Hi Palermo, you have the passion of an angel. You would make a great teacher. I hope you succeed in educating adian808 and correcting his misconception.

----------


## MOESAN

Is there any gain in answering to adian808?

----------


## adian808

> Adian808: you have reading comprehension problems. I said Herodotus theory on the Etruscans was not correct. The DNA evidence on that is pretty clear. As for the Egyptians and the use of the word "melagochroes" does not mean "black" it means "dark". So in the context of the Egyptians and Ethiopians, I said nothing regarding whether he was wrong. It is that you are misquoting him.
> 
> Professor Frank Snowden who wrote the book I cited above "Blacks in Antiquity" published this paper in 1989 that points out that the "afro-centrist" translation of "melagochroes" as "black" is not correct. He as I stated cites all of Herodotus works regarding Egyptians and Ethiopians and all the other extant writers of ancient Greece. The Egyptians were darker than the Greeks themselves, that is true, but it is also clear that they were not as dark as Ethiopians. I suggest you read the article. I am not interested in aliens.
> 
> https://www.jstor.org/stable/2630857...o_tab_contents
> 
> 
> I also repeat, go read the ancient DNA studies on Egypt.


Frank Snowden committed an error because melanchroes really mean blacks , it's close to mela which means black, Old Greek: *karümnó- 'black': karümnón = mélan
k[ǟ]lás = kelai̯nó- = kēlḗnē = mélaina
Old Greek: mélās = mélan= mélai̯na = dark , black

so melanchroes (*μελάγχροες in greek )*= black ...

Read carefully herodotus ( original versions):


*μελάγχροες as we saw is black
*
*Oulotriches is curly / wooly 

and we must know this :
*
History and Etymology for ulotrichous (synonym of greek oulotriches )

New Latin Ulotrichi (plural) division of humankind having crisp or woolly hair (from Greek *oulotrich-, oulothrix having curly or woolly hair*, from oulos curly, woolly + trich-, thrix hair) + English -ous; akin to Greek eilein to roll, eilyein to roll, wrap.



*Ulotrichous Definition & Meaning - Merriam-Webster**
http://www.sacred-texts.com version:
*_“For the fact is as I soon came to realise myself, and then heard from others later, that the Colchians are obviously Egyptian. When the notion occurred to me, I asked both the Colchians and the Egyptians about it, and found that the Colchians had better recall of the Egyptians than the Egyptians did of them. Some Egyptians said that they thought the Colchians originated with Sesostris’ army, but I myself guessed their Egyptian origin not only because the Colchians are_ *dark–skinned and curly–haired*_ (which does not count for much by itself , because these features are common in others too) but more importantly because Colchians, Egyptians and Ethiopians are the only peoples in the world who practise circumcision and who have always done so._


*https://penelope.uchicago.edu/Thayer...dotus/2b*.html version:
*
For it is plain to see that Colchians are Egyptians; and this that I say I myself noted before I heard it from others.
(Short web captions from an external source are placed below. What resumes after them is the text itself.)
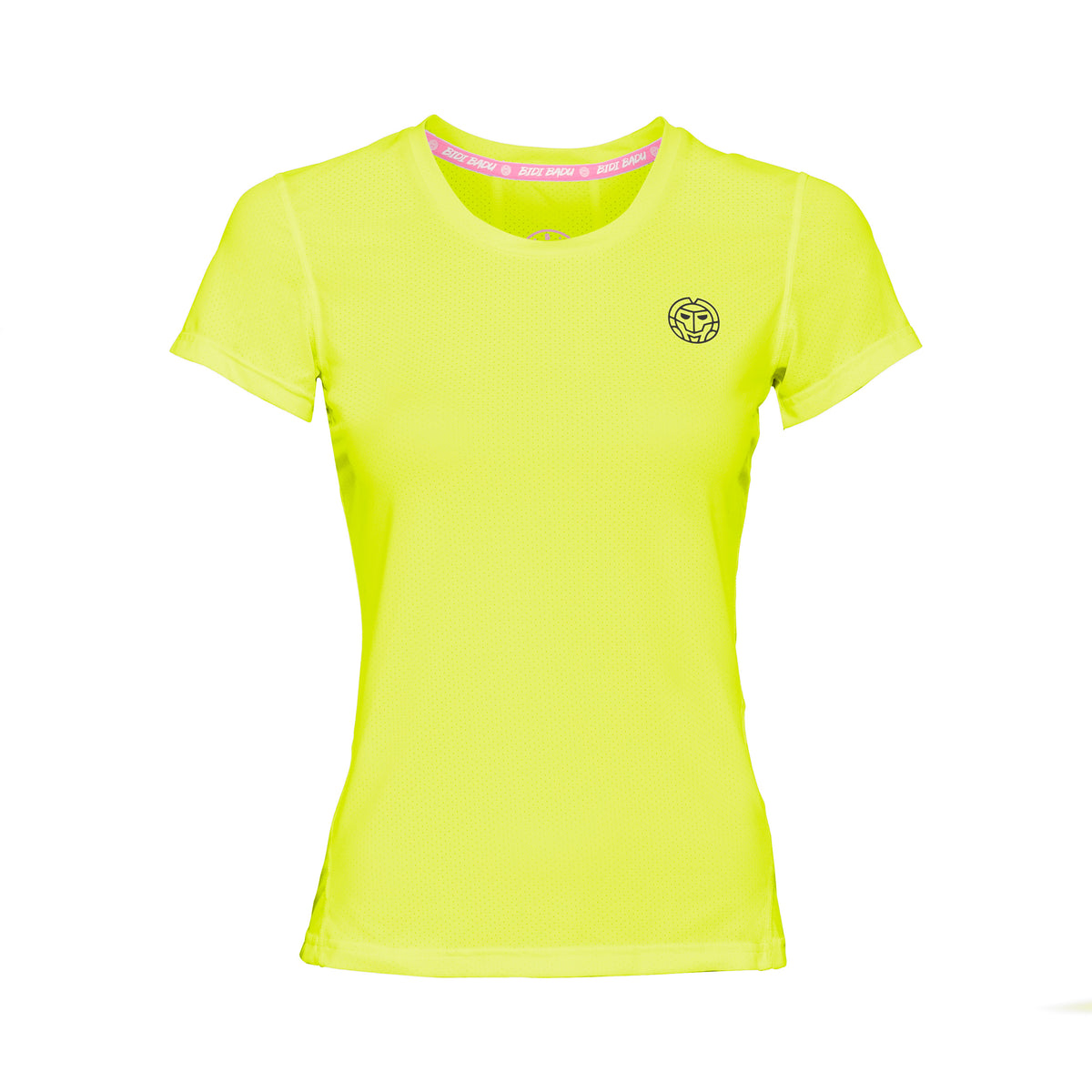 BIDI BADU Calla Tech Roundneck Camiseta De Manga Corta Chicas-Amarillo Neón,Negro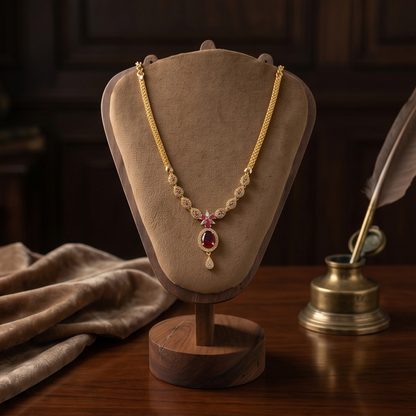 DIVYORO RUBY OVAL PENDANT NECKLACE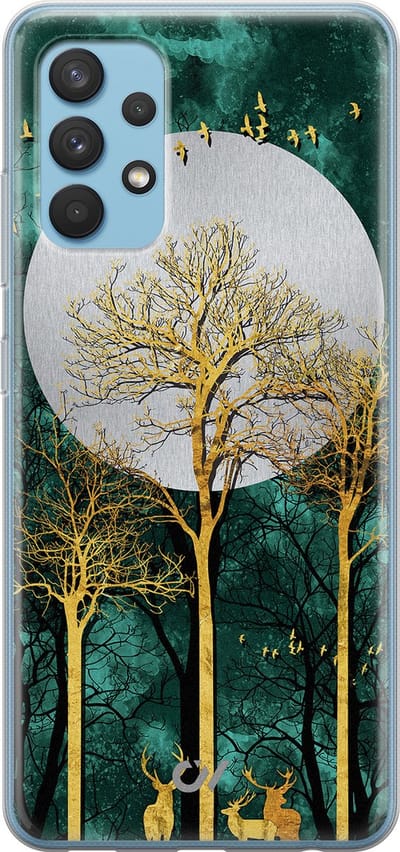 Hoesje geschikt voor Samsung Galaxy A32 4G - Noorderlicht - - Goud - - Casevibes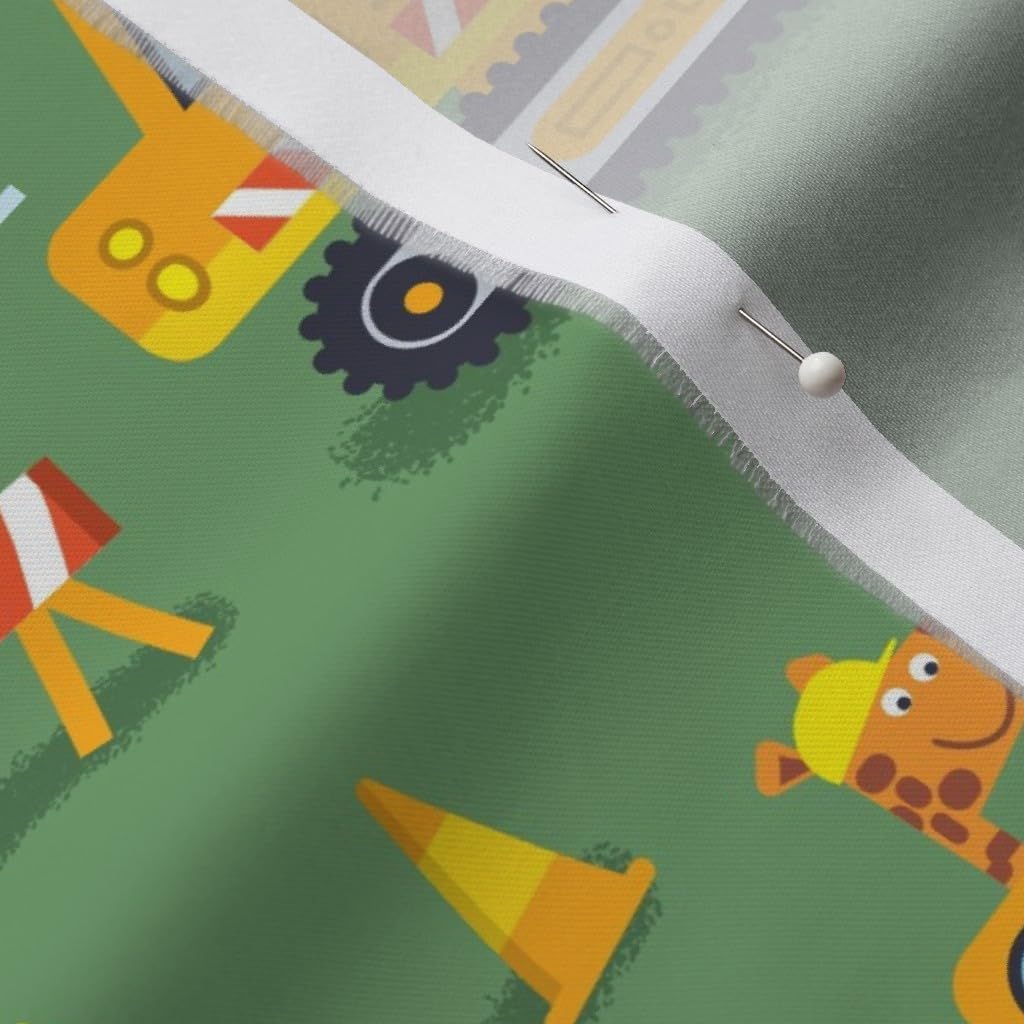 Spoonflower Fabric - Construction Trucks Green Animals Children Printed on Organic Cotton Sateen Fabric by The Yard - Sewing Quilting Apparel Home Decor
When I began to think on this matter, I inquired of both peoples; and the Colchians remembered the Egyptians better than the Egyptians remembered the Colchians; the Egyptians said that they held the Colchians to be part of Sesostris' army. I myself guessed it to be so, partly because they are dark-skinned and woolly-haired; though that indeed goes for nothing, seeing that other peoples, too, are such; but my better proof was that the Colchians and Egyptians and Ethiopians are the only nations that have from the first practised circumcision. The Phoenicians and the Syrians of Palestine acknowledge of themselves that they learnt the custom from the Egyptians, and the Syrians of the valleys of the Thermodon and the Parthenius, as well as their neighbours the Macrones, say that they learnt it lately from the Colchians. These are the only nations that circumcise, and it is seen that they do even as the Egyptians. But as to the Egyptians and Ethiopians themselves, I cannot say which nation learnt it from the other; for it is manifestly a very ancient custom. That the others learnt it from intercourse with Egypt I hold to be clearly proved by this — that Phoenicians who hold intercourse with Hellas cease to imitate the Egyptians in this matter and do not circumcise their children. 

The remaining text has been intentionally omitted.